_RECORDS SHOWN:_

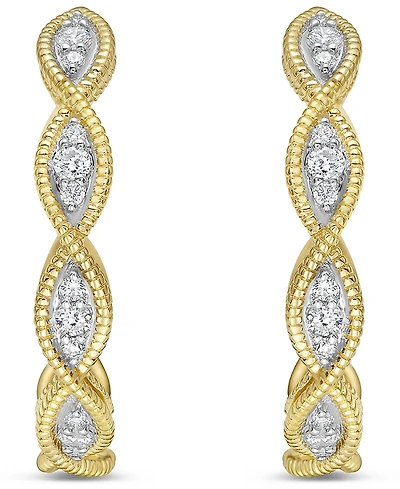 Macy's White Diamond Earrings (1/4 ct. t.w.) in 14k Yellow Gold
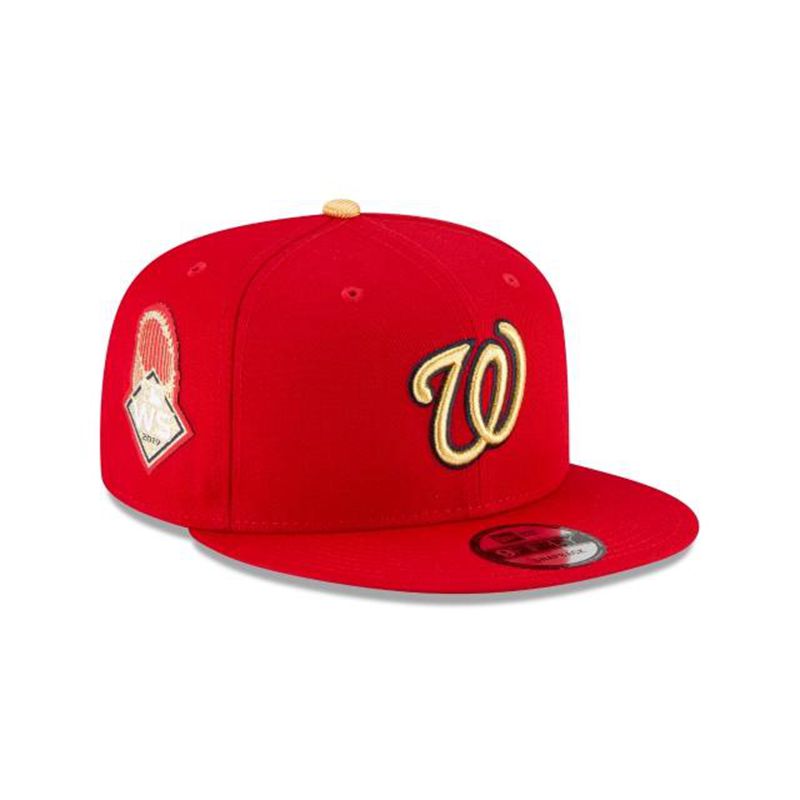 MLB Washington Nationals Gold Collection 9Fifty Snapback (FQF6439) - Red New Era Caps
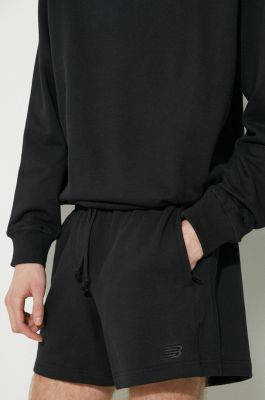 Imagine New Balance pantaloni scurti din bumbac culoarea negru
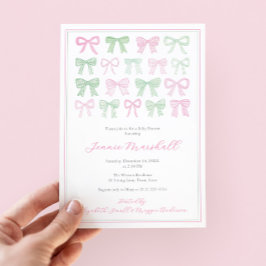 ピンク名門私立校風のとグリーンの弓ベビーガールシャワー 招待状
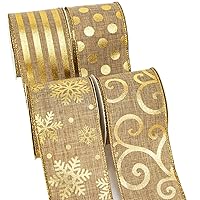 Ribbli 4 Rolls Christmas Wired Ribbon,Burlap Ribbon with Gold Pattern,Christmas Ribbon 2.5 Inch Total 20 Yard, Snowflake/Swirl/Dot/Stripe Christmas Ribbon for Crafts, Big Bow,Gift Wrapping, Wreath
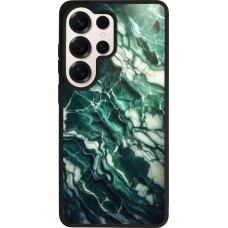 Coque Samsung Galaxy S26 Ultra - Silicone rigide noir Marbre vert majestueux
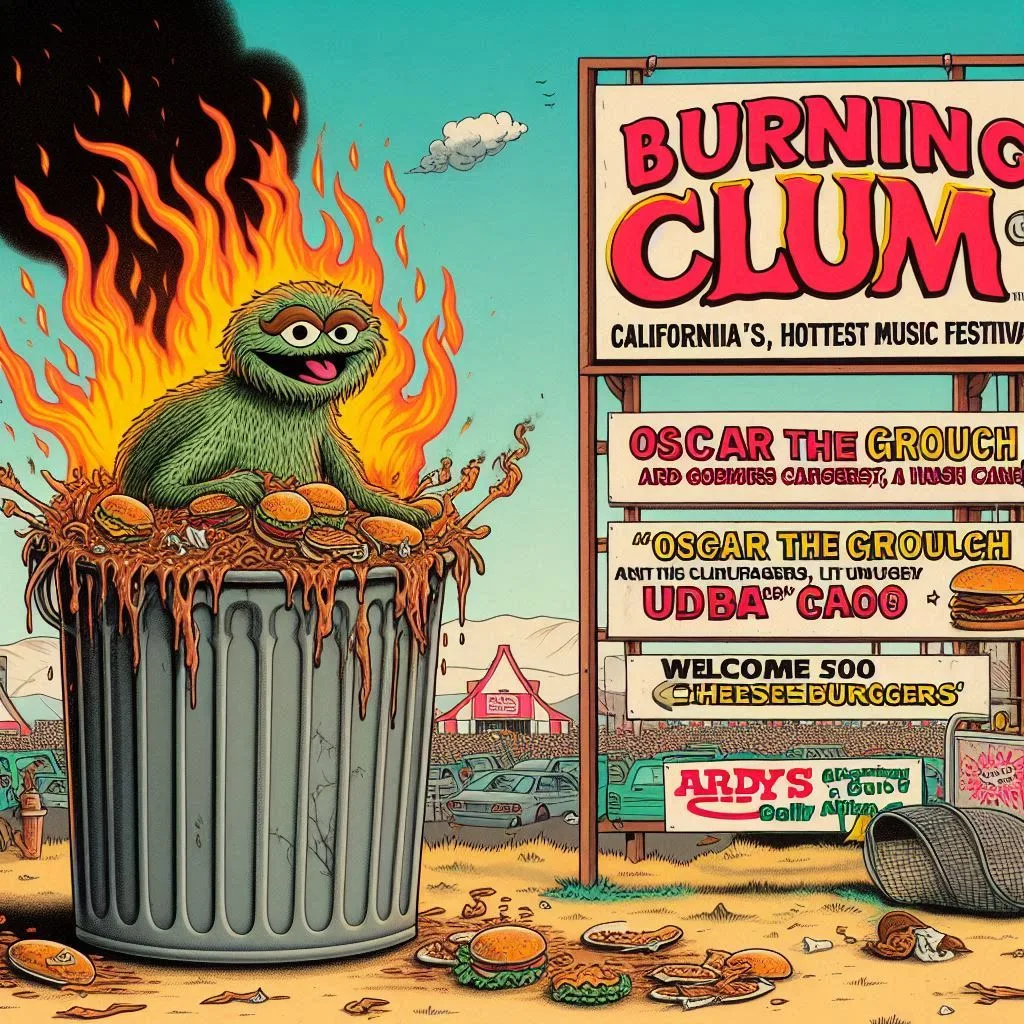 GARBAGE MONSTER SPITTING FLAMES AND BURGERS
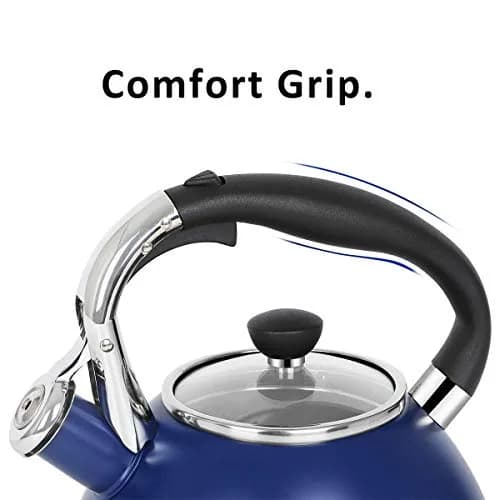 Rorence Whistling Tea Kettle for Stove Top 2.6QT (2.5L) Stainless Steel Navy Blue | Heats Water Fast thumbnail 4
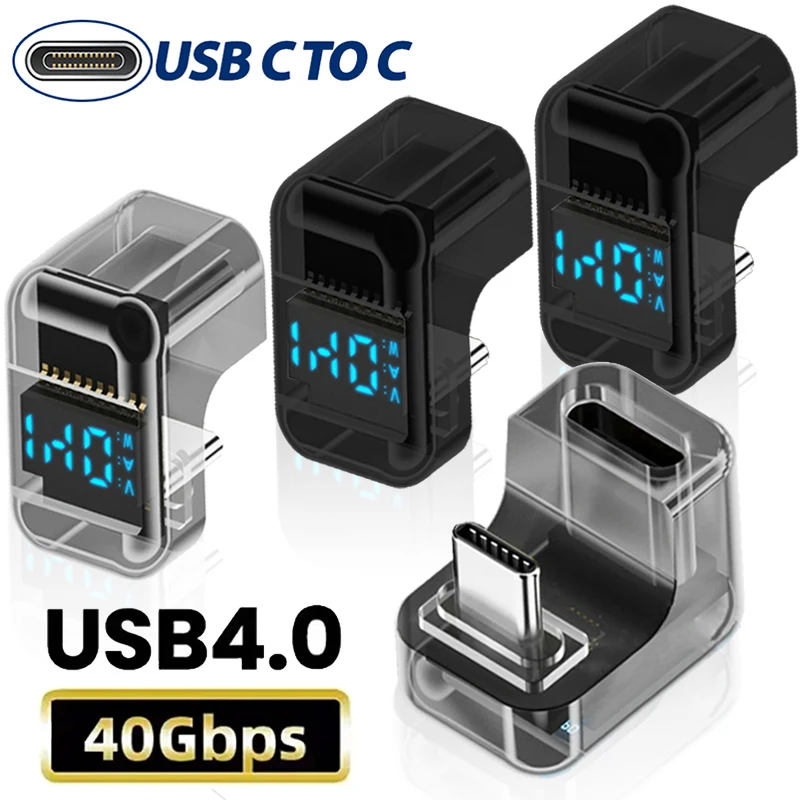 140W 40Gbps Fast Charging USB C Male To Type C Female Adapters USB4.0 U Shape 180&deg;Angle Converters High-speed Phone Connectors usb to type c adapter type c adapter charger power adapter charging adapter cable kit charging cable adapter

_WORK ITEM:_
Give back the material above exactly, without pictures.

_SOLUTION:_
 Macy's White Diamond Earrings (1/4 ct. t.w.) in 14k Yellow Gold
 MLB Washington Nationals Gold Collection 9Fifty Snapback (FQF6439) - Red New Era Caps
 Imagine New Balance pantaloni scurti din bumbac culoarea negru
 ピンク名門私立校風のとグリーンの弓ベビーガールシャワー 招待状
 Ribbli 4 Rolls Christmas Wired Ribbon,Burlap Ribbon with Gold Pattern,Christmas Ribbon 2.5 Inch Total 20 Yard, Snowflake/Swirl/Dot/Stripe Christmas Ribbon for Crafts, Big Bow,Gift Wrapping, Wreath
 Coque Samsung Galaxy S26 Ultra - Silicone rigide noir Marbre vert majestueux
 GARBAGE MONSTER SPITTING FLAMES AND BURGERS
 Rorence Whistling Tea Kettle for Stove Top 2.6QT (2.5L) Stainless Steel Navy Blue | Heats Water Fast thumbnail 4
 140W 40Gbps Fast Charging USB C Male To Type C Female Adapters USB4.0 U Shape 180&deg;Angle Converters High-speed Phone Connectors usb to type c adapter type c adapter charger power adapter charging adapter cable kit charging cable adapter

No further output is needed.